From Dr. Richard Whitekettle (Richard Whitekettle holds a PhD in Near Eastern Languages and Civilizations from Yale University. He is Professor of Religion at Calvin College in Grand Rapids, MI.):
Equality can sometimes be a good thing. For example, it was nice when your brother or sister didn’t get a bigger piece of cake than you did. And it’s nice when two friends care about each other with equal affection. And it’s nice when you pull the left oar and right oar of a rowboat with equal strength as you try to cross a lake on a windless day.
Equality has become a buzzword among those who support same-sex marriage. The idea is that different forms of unions (for example, same-sex and opposite-sex) should have equal legal status as marriage.

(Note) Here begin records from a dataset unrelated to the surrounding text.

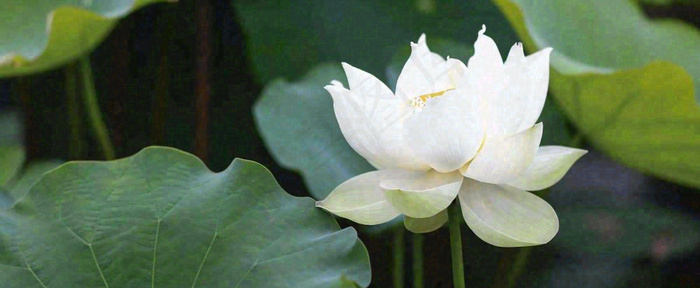 夏天白荷花荷花池，处暑小暑大暑夏至立夏摄影图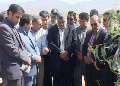بازدید وزیر جهاد کشاورزی از طرح جنگل کاری جام شهرستان مهران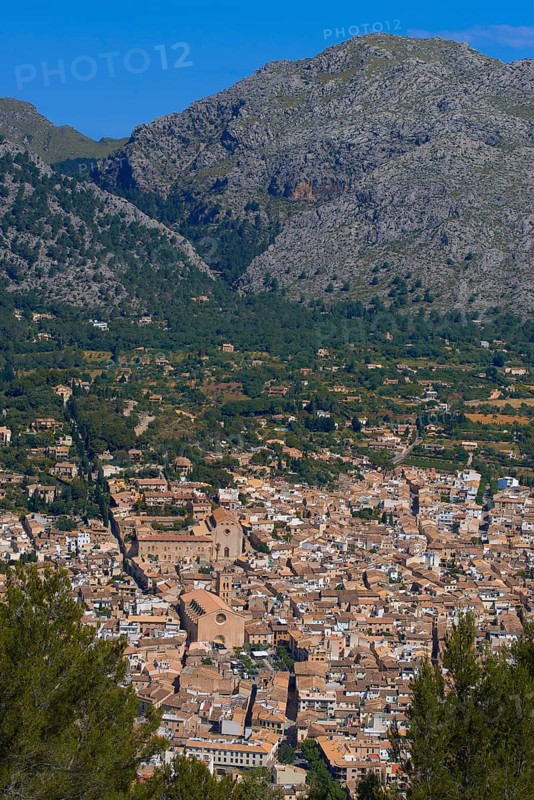 Pollenca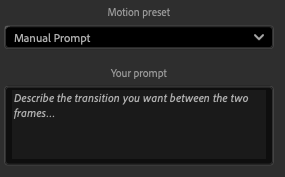Manual Prompt field in the Crazy AI Transitions plugin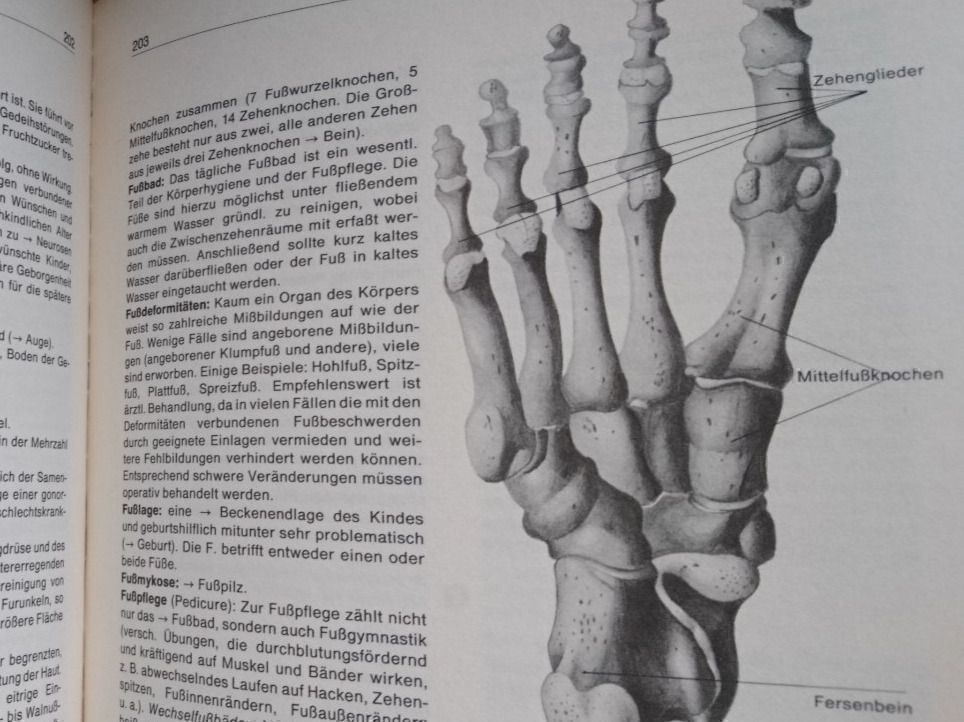 Libri: Das grosse Gesundheits Lexikon – Usato da Luzern venduto da Einh0rn 4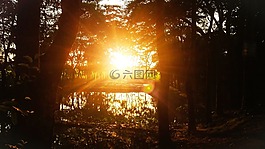 自然,光,太陽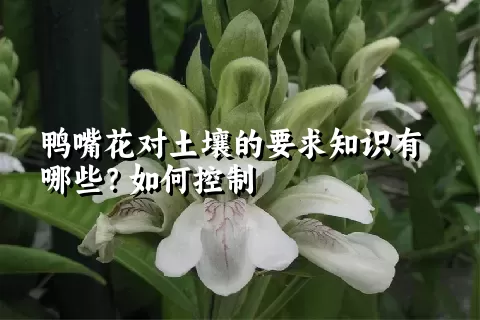 鸭嘴花对土壤的要求知识有哪些？如何控制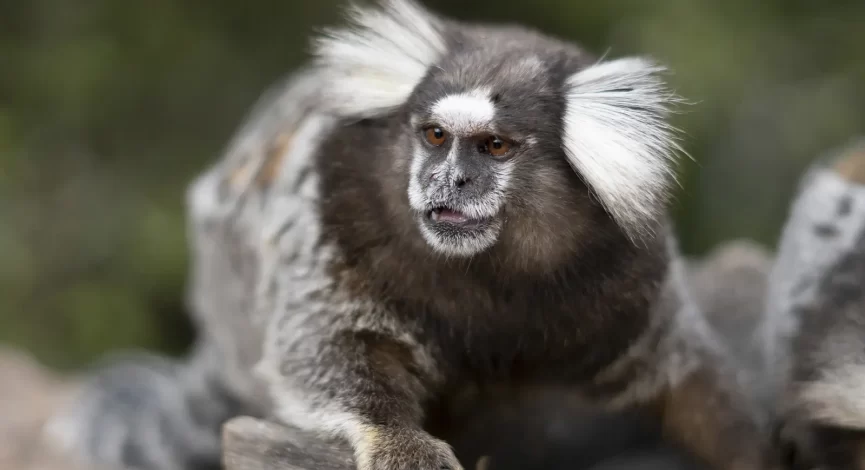 Mico rajado de cinza e preto, também conhecido como sagui ou mico-estrela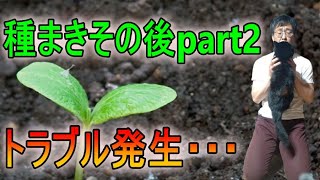 [ガーデニング] 誰でもできる種まきの仕方partⅢ「ナーセリーでもあるプロガーデナーが行うポットに植えるまでの管理方法」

While there are good secular/rational/natural arguments against same-sex marriage, people of faith also make arguments based on their religious beliefs, and especially on what the Bible says. As a result, proponents of same-sex marriage sometimes resort to the Bible as well. One particular aspect of the Bible that proponents often cite in support of their position is the variety of marital forms found in the Old Testament.
For example, in 2001, Bruce Robinson published an article on the Ontario Consultants on Religious Tolerance website entitled “Marriages & family forms: opposite and same-sex, in ancient times and now.” The article identifies and discusses the eight different marital arrangements found in the Old Testament and presents them in the following handy chart:
Robinson argues that, given the diversity of marital arrangements in the Old Testament, and the fact that “there do not appear to be any passages in the Bible that condemn any of the above forms of marriages or family structures,” there was no such thing as a “biblical marriage.” That is to say, there was no standard concept of marriage in the Bible. For Robinson, the implication is that one cannot describe same-sex unions as a deviation from a biblical norm, as many opponents of same-sex marriage are wont to do.
Robinson’s article and the chart it contains have been referred to and used by various other authors on the web, though Robinson notes that the chart is not his own and that the creator of the chart is unknown. And, of course, Robinson is not alone in using the apparent absence of a standard form of marriage in the Old Testament in support of redefining marriage to include same-sex relationships.